Data listing
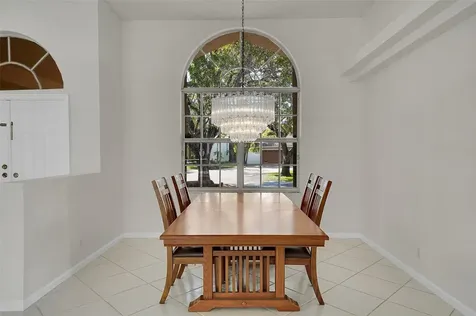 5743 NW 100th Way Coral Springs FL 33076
...
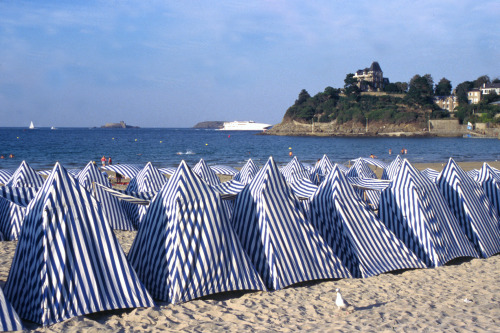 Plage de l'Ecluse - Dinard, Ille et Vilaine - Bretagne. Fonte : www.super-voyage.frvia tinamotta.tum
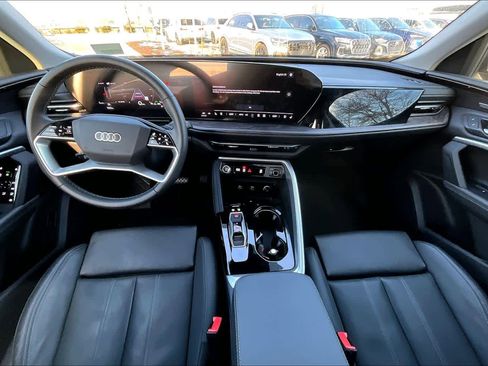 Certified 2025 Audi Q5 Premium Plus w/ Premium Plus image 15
--
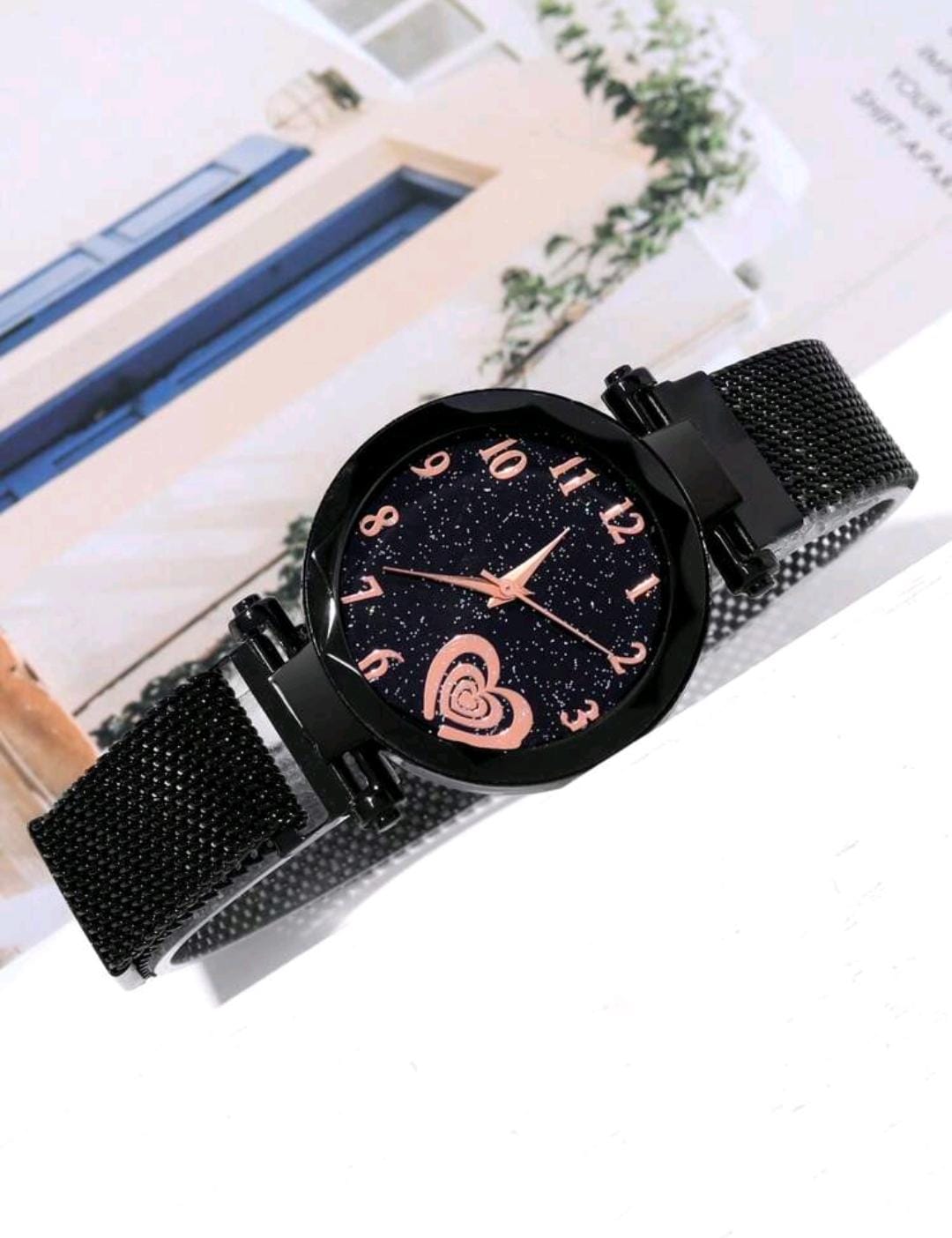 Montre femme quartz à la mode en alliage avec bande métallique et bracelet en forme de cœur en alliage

Your instructions
Above this task is a listing with pictures in it. Retype only the lines from the one containing "Plage de l'Ecluse" through the one containing "Certified 2025 Audi", both included, and not the pictures.

Task response
 Plage de l'Ecluse - Dinard, Ille et Vilaine - Bretagne. Fonte : www.super-voyage.frvia tinamotta.tum
 Certified 2025 Audi Q5 Premium Plus w/ Premium Plus image 15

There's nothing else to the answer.